**Problem details:** Search the entries for the word "White" and return every line where it is found.

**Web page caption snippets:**

======

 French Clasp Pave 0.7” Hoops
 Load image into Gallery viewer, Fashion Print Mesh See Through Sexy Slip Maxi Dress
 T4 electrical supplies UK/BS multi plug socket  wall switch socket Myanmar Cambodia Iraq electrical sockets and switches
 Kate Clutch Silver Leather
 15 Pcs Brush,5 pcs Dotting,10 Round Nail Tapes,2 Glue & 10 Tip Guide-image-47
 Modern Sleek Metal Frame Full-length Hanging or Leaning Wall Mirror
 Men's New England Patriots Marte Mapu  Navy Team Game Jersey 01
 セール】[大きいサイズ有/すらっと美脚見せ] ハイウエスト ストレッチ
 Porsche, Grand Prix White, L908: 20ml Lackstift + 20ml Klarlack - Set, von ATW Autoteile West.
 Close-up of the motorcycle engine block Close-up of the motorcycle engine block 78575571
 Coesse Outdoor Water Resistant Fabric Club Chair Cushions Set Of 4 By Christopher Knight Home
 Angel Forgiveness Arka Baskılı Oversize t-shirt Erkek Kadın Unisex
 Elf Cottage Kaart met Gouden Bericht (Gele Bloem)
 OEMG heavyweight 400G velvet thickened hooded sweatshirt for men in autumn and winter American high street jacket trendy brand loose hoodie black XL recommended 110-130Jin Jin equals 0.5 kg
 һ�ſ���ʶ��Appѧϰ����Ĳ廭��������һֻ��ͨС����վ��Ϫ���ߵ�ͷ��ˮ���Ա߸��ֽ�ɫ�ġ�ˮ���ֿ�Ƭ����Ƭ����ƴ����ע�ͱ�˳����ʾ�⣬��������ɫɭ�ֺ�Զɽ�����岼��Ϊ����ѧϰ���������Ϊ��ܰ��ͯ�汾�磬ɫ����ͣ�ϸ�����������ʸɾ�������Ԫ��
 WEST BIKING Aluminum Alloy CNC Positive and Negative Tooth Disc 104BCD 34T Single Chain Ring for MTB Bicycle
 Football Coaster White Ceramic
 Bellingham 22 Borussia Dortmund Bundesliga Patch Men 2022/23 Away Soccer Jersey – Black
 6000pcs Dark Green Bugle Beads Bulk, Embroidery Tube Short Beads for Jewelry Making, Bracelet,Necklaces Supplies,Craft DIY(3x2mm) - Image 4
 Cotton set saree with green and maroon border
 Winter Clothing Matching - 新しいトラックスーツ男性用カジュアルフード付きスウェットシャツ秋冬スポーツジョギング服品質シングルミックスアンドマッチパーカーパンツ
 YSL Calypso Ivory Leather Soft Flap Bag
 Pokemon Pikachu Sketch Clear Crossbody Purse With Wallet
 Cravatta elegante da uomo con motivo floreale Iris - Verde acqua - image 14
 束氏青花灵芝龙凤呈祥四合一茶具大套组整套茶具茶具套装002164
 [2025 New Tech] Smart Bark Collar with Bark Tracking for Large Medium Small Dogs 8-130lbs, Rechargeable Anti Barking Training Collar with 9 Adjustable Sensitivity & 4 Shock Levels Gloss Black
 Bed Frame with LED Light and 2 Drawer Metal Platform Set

======

**Exercise response:**
 Porsche, Grand Prix White, L908: 20ml Lackstift + 20ml Klarlack - Set, von ATW Autoteile West.
 Football Coaster White Ceramic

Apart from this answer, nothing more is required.